Hay una cierta tendencia a identificar la comunicación política cercana, frugal, campechana y amable con la espontaneidad. Y al contrario: la comunicación grandilocuente, tradicional o protocolaria, sería prefabricada, impostada, artificiosa. Así, cuando Benedicto XVI decide sacar del baúl los viejos ropajes tradicionales del papado, mantener intacta la liturgia y el protocolo, o desplazarse en el papamóvil Mercedes blindado, sus gestos se ven premeditados y forzados. Y cuando Francisco decide cambiar el anillo de oro por el de plata, saltarse el protocolo para besar a un parapléjico, seguir calzando sus viejos zapatos negros o eliminar el blindaje (y la marca alemana) de su vehículo, la gente interpreta que el papa ha ganado naturalidad y es un hombre espontáneo.

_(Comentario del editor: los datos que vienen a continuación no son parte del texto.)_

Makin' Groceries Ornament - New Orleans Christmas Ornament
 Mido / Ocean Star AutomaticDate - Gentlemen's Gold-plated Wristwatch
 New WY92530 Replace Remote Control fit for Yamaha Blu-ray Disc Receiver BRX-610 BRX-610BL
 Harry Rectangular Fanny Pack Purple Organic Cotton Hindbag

No es así: de oro o plata, el material con que se hace el anillo es de la elección del líder de los católicos y de su equipo. Con aspecto de berlina de lujo o de barato todoterreno, el papamóvil hay que prepararlo igual. Los 140 espacios de Twitter hay que llenarlos con un máximo de 140 caracteres, con un lenguaje minuciosamente cuidado si no se quiere uno suicidar en público. El liderazgo es interpretación. Aunque sea la interpretación de un relato de cercanía y espontaneidad. No improvisa más Juan Tamariz que David Copperfield.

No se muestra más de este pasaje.